Solve y = (1/2)x² - 2: Finding Positive Function Values

Find the positive and negative domains of the function below:

$y=\frac{1}{2}x^2-2$

Then determine for which values of $x$ the following is true:

$f(x) > 0$

To solve for the positive and negative domains of the function $y = \frac{1}{2}x^2 - 2$, we will go through the following steps:

• Step 1: Find the roots of the equation by setting the function equal to zero: $\frac{1}{2}x^2 - 2 = 0$.
• Step 2: Solve $\frac{1}{2}x^2 = 2$, which simplifies to $x^2 = 4$. Taking the square root of both sides gives $x = 2$ or $x = -2$.
• Step 3: Test intervals between the roots $(- \infty, -2)$, $(-2, 2)$, and $(2, \infty)$ to determine where the function is positive.

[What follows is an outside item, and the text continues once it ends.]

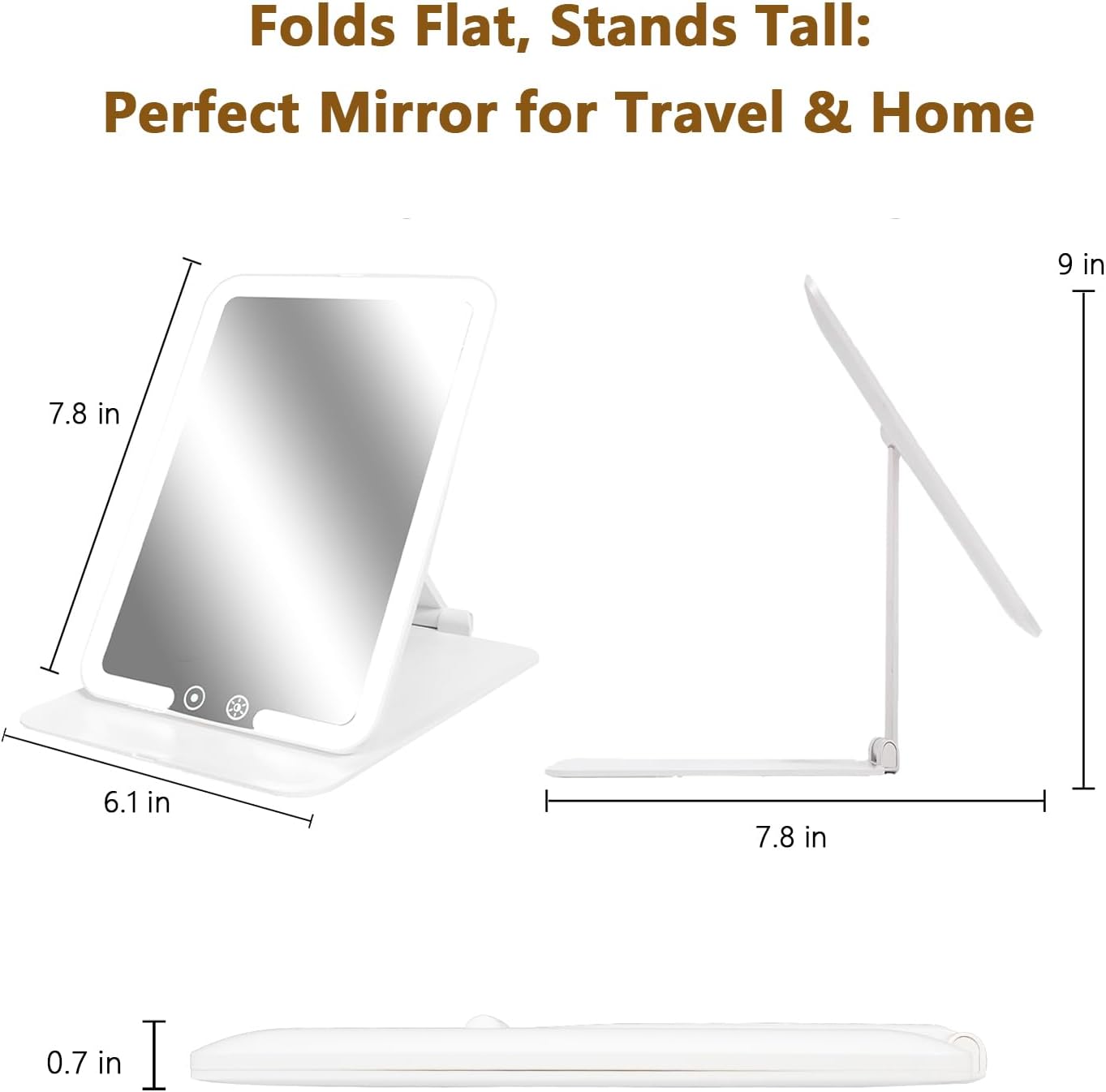 Foldable LED Makeup Mirror with Smart Sensor, 3 Light Modes, Rechargeable – Travel Vanity Mirror for Desk & Travel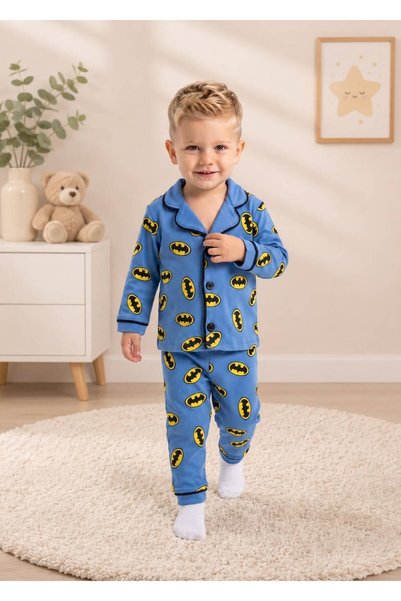 derin baby 100% Cotton Long Sleeve Buttoned Seasonal Bat Patterned Soft Textu...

Now, let's determine which intervals yield positive values:

For $x < -2$, pick $x = -3$ and plug into the function: $y = \frac{1}{2}(-3)^2 - 2 = \frac{1}{2}(9) - 2 = 4.5 - 2 = 2.5$, which is positive.

For $-2 < x < 2$, pick $x = 0$: $y = \frac{1}{2}(0)^2 - 2 = -2$, which is negative.

For $x > 2$, pick $x = 3$: $y = \frac{1}{2}(3)^2 - 2 = \frac{1}{2}(9) - 2 = 4.5 - 2 = 2.5$, which is positive.

Thus, the function $y = \frac{1}{2}x^2 - 2$ is positive for $x > 2$ or $x < -2$.

Therefore, the solution is $x > 2$ or $x < -2$.